The first round of litigation regarding the game PUBG ended on Friday 24th July 2020 when the Islamabad High Court (Mr Justice Aamer Farooq sitting as a single Judge) handed down the decision in Proxima Beta Pte Ltd v Federation of Pakistan Writ Petition No 1788/2020, and set aside the Pakistan Telecommunication Authority’s decision to ban the said game on 2nd July 2020.
Copious amounts has been written on PUBG ban and on bans of games generally, including by this writer. Much more will be written in the days and weeks to come as since a perusal of the judgement reveals that the decision is a narrow one, on technical and procedural grounds, but one that ultimately avoided the diverse issues of freedom of speech, the monetarization of new forms of work and play, protection of children and standards of public and private decency in the age of hypoconnectivity that this whole matter has raised. It is clear that there will be further litigation before this is finally put to rest; one way or the other.

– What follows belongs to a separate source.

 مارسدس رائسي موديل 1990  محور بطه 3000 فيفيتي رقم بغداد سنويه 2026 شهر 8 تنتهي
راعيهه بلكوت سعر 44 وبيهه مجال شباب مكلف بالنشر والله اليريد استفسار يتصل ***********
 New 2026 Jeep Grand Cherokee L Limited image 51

The petition was brought by Proxima Beta, a Singapore based company which holds the rights to the game in Pakistan. The Company claimed that the decision was made without notice or hearing and furthermore that the provision of law relied upon by PTA as the basis for the suspension, i.e Sec 37 of Prevention of Electronic Crimes Act 2016 was not attracted to this case. They also pointed out that no cogent reasons were given as required for Administrative actions, rather a mere press release announcing the suspension was issued.
PTA’s reply seemed to consist mostly of raising objections on procedural and technical ground, including a lengthy attempt to have the Petition dismissed due to lack of attestation and notarization of the Petitions power of attorney (which grants a person power to file a case for a Company. They also claimed that the suspension was temporary, done since many complaints were made, that a hearing was held on the 9th of July (which included Proxima Beta), PTA also claimed that Section 37 permitted bans on several grounds, and they found the game to be caught by one of them, ie be against the glory of Islam.

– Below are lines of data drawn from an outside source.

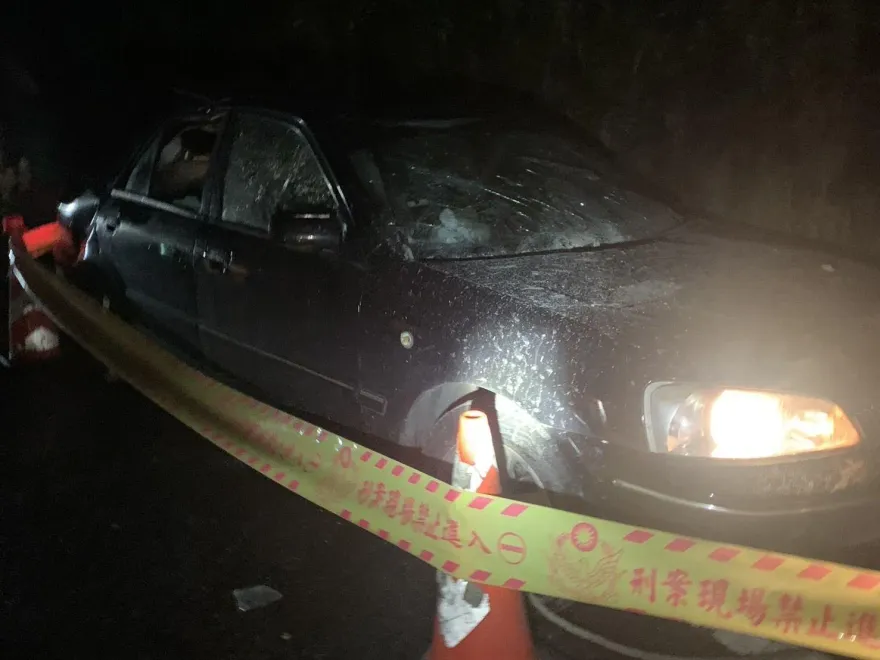 驚險躲過！宜蘭台7甲36.8K「落石砸爛車」　駕駛乘客奇蹟毫髮無傷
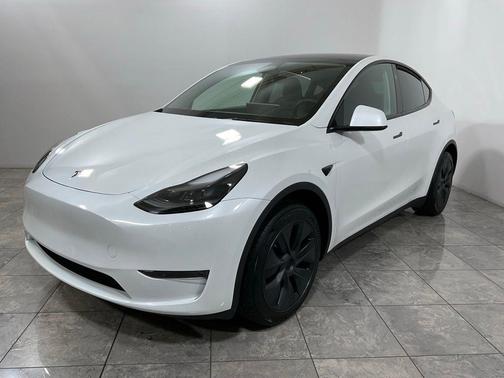 2024 Tesla Model Y Long Range Single Motor Rear-Wheel Drive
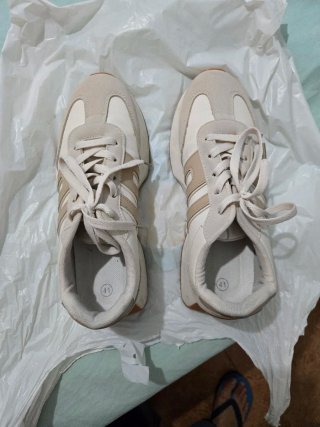 Zapatillas beige y marrón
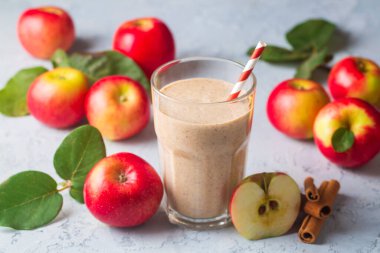 Bir bardak lezzetli elma püresi.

The Court dismissed the objection about the Power of Attorney and other procedural minutiae. Coming to merits, the Court found that nothing resembling a reasoned formal order was passed as required by Section 37, instead a press release and minutes of the meeting were released. His Lordship noted with some amazement, that the press release was dated 1st of July 2020, while the minutes of the meeting, where purportedly the decision to ban the game was take were from 2nd of July 2020, in other words the press release was prior to the decision.

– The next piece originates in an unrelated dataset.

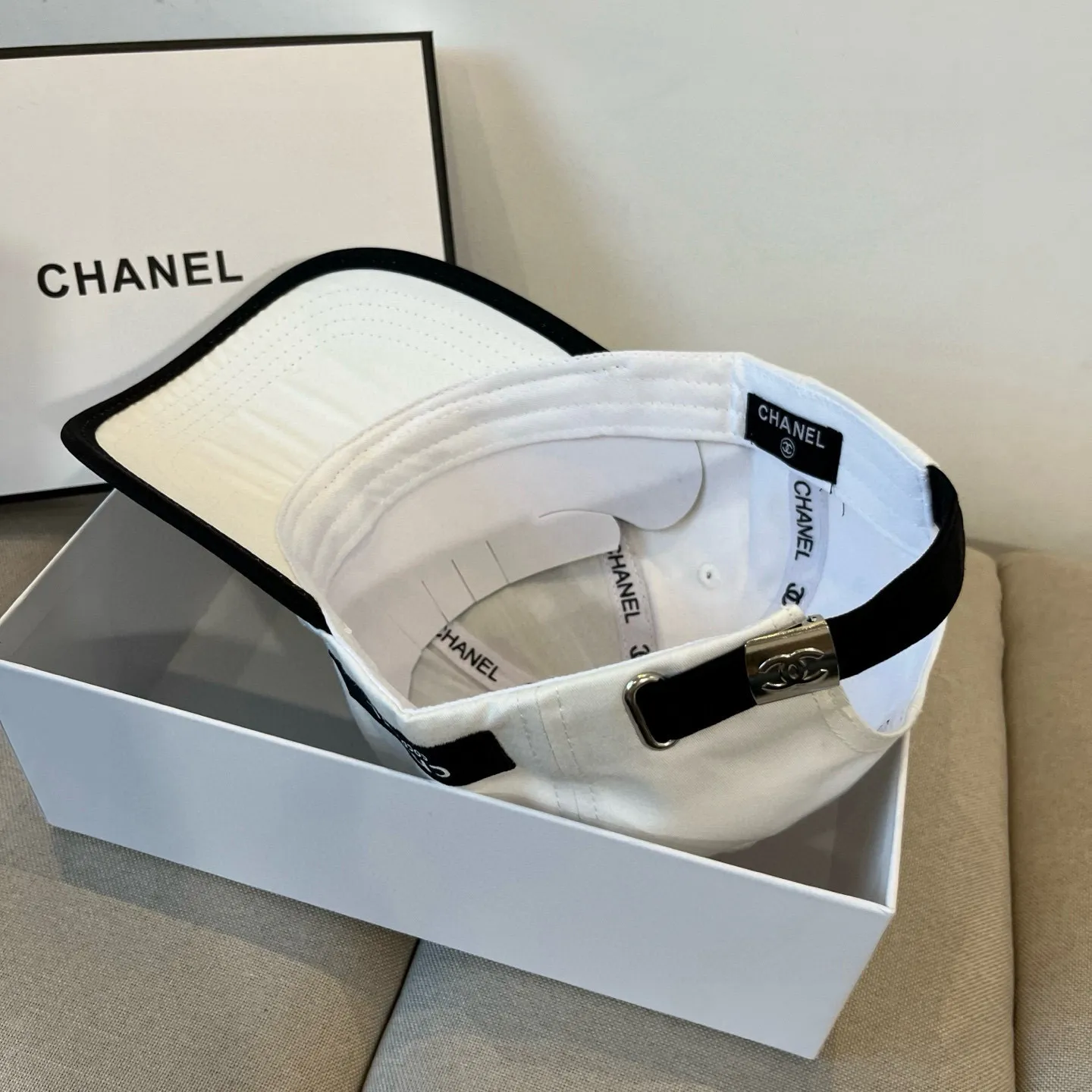 P60 CHANEL new baseball cap, Xiaoxiang classic and simple, fashionable and casual design, popular new product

Furthermore, the Court found that while it was true that several legal grounds existed for banning information, the press release and the minutes of the meeting showed that none of them “have been taken into consideration of or seem to be the driving force for taking the decision” (paragraph 11 of the order). As the Counsel for PTA freely admitted, the basis for the bans were public complaints and a letter written by the CCPO Lahore.
The Courts remedy to all this has been to set aside the suspension as being without lawful authority. As the hearing has already occurred on July 9th, PTA is required to pass a reasoned order on the matter, keeping in view the mandate and provisions of Section 37 of PECA 2016 or (sic) other applicable provisions of law.
The day before the judgement was handed down, PTA released its decision of the hearing of July 9th. (https://e.thenews.com.pk/PTA/enforderpubgcase23072020.pdf _ga=2.209309714.1633352882.1595609102-1730074095.1595609102) It’s a 12 page decision, however, the operative part seems to be paragraph 5 and 6. The authority upheld the suspension on the basis of public health and morality and gave short shrift to arguments put forth that the game permit’s many in Pakistan to earn monetary awards by playing. Rather it appears that they have decided that the game is injurious to the young on the basis of opinions published in papers and letters in various publications, which are with one exception, not shared in any detail and also on the basis of complaints received.
It remains to be seen whether this order will satisfy the mandate laid down by the Islamabad High Court. One suspects that PTA will initially claim it does, when challenged. Yet there are many reasons to believe it might not, both for technical and for substantive reasons. The reasons cited, while certainly legally justifiable, may not apply in this case, claims and assertions of the risk of harm to youngster may does not (at least in the order) seem supported by actual verified examples of harm, with the exception of concerns about the regrettable suicide of one person and speculations as to motive.
The decision might fail for another reason. Substantive law, like PECA 2016 require that rules governing its application be laid down, and in this case, PTA hasn’t framed them, despite an earlier Court order to do so This was noted in the present IHC judgement, with some annoyance. In the absence of rules, the Court might hold the entire July 9th exersize void.
This is all speculation. What is not speculation , is that this matter, both as it relates to PUBG and the flow and regulation of information and entertainment generally, is far from over. Many of the deeper questions of constitutional rights and infringements, of regulatory reach, of dangers and opportunities for young people in our connected, digital age, remain unanswered. This is the first judicial opinion on this. It won’t be the last.